Given material:

==============================

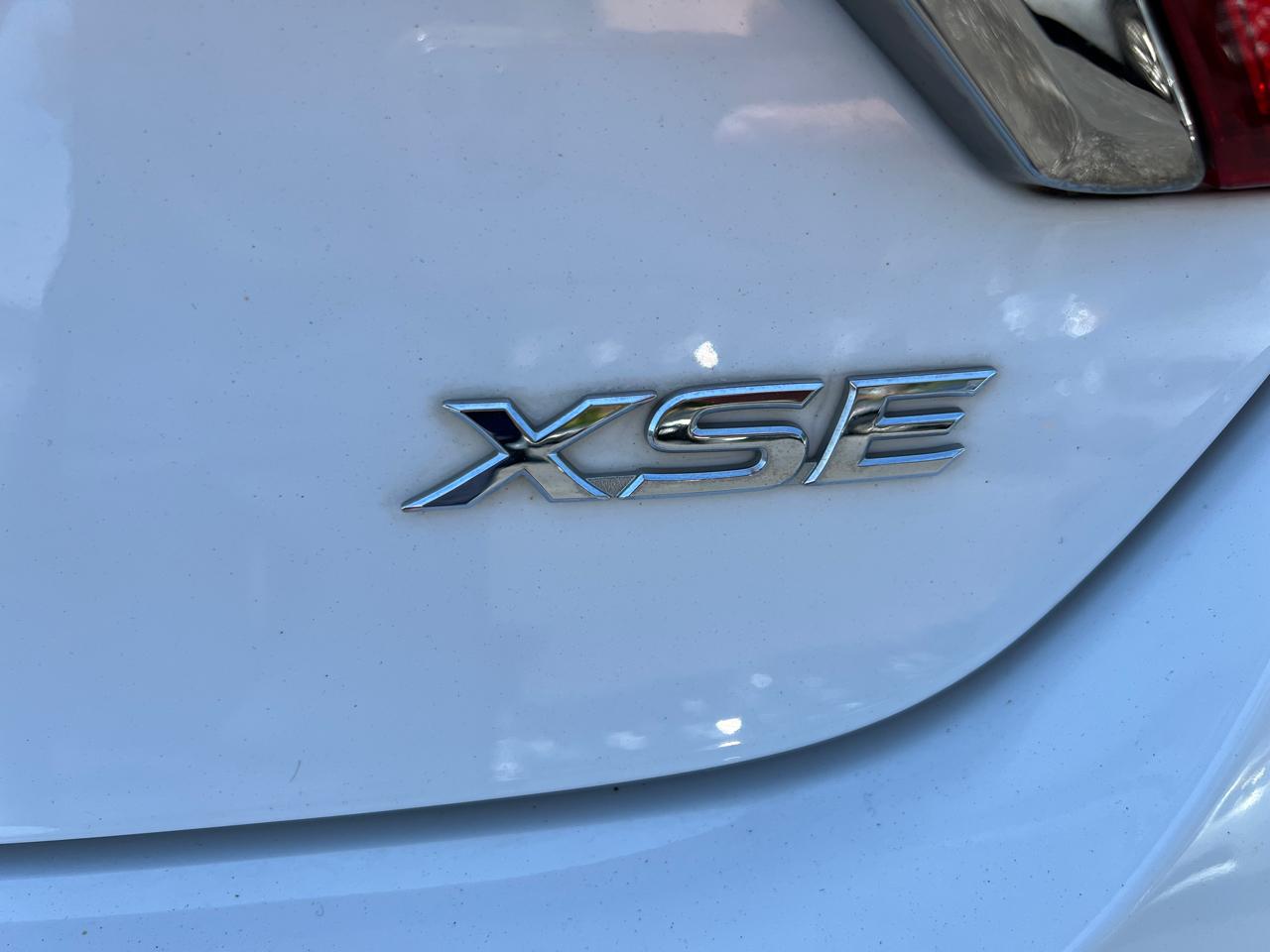 Toyota Camry 4dr Sdn V6 Auto XSE (Natl) 2015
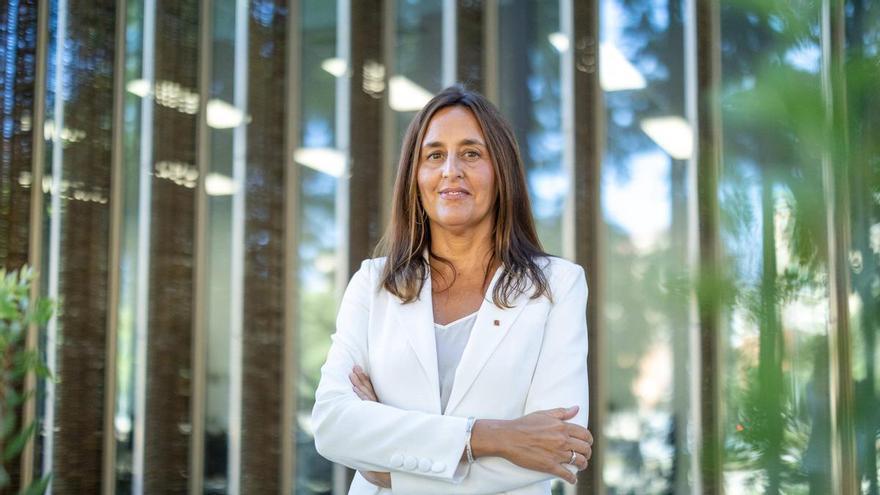 La consellera revela que ha superat un càncer de tim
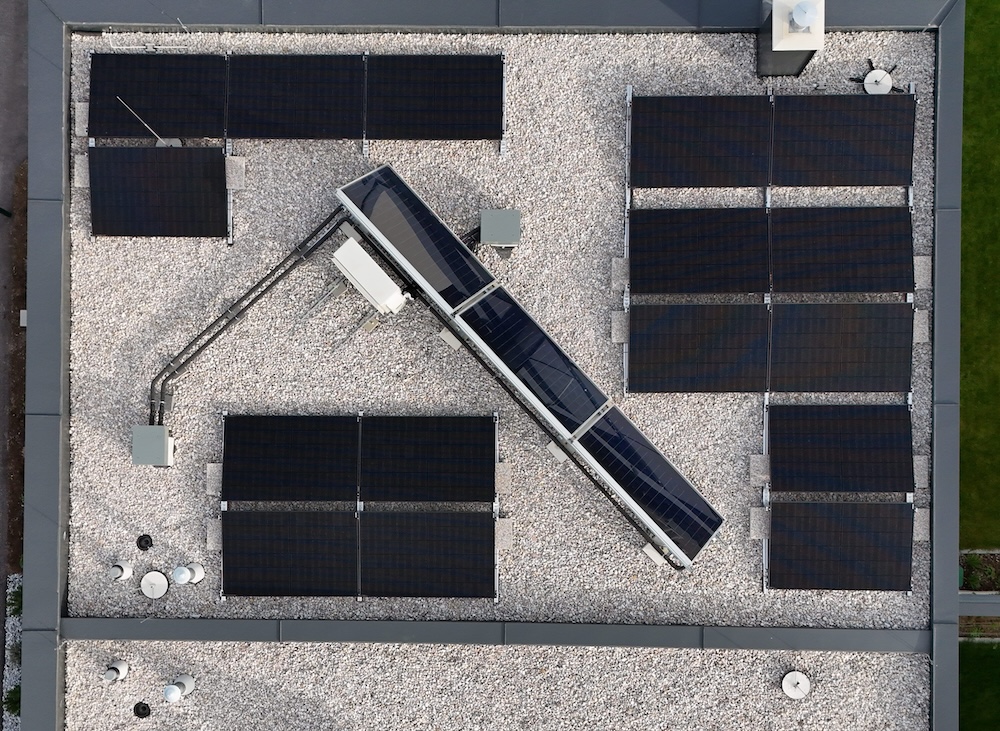 Photovoltaik Anlage Flachdach Kiesdach Solaranlage SolarNow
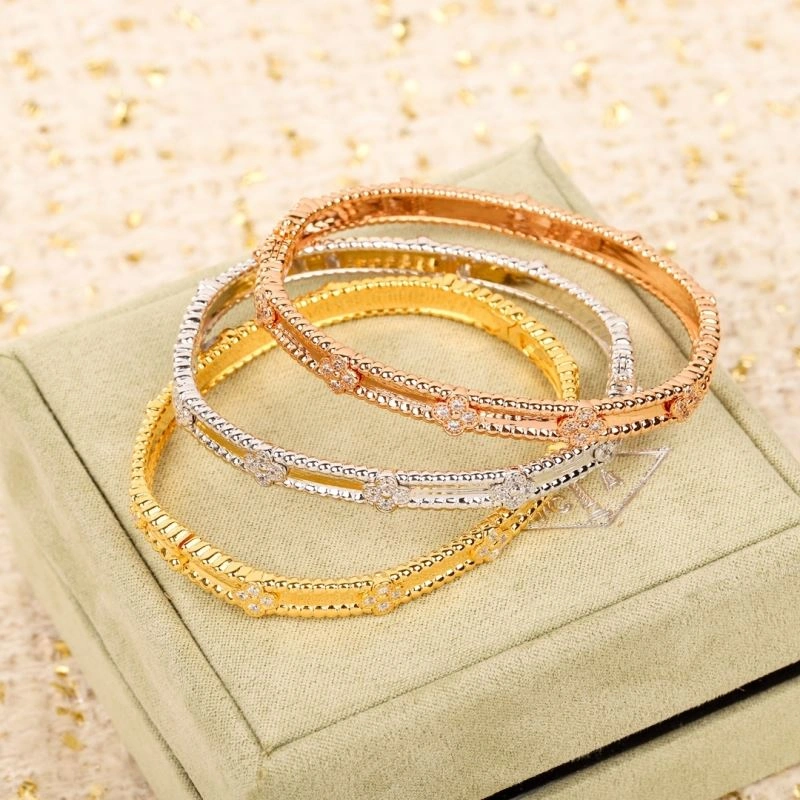 Compact Vca Bracelets 255338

==============================

What is needed: Go through the listing above and write it all out exactly, leaving out any picture.

Output of the task:
 Toyota Camry 4dr Sdn V6 Auto XSE (Natl) 2015
 La consellera revela que ha superat un càncer de tim
 Photovoltaik Anlage Flachdach Kiesdach Solaranlage SolarNow
 Compact Vca Bracelets 255338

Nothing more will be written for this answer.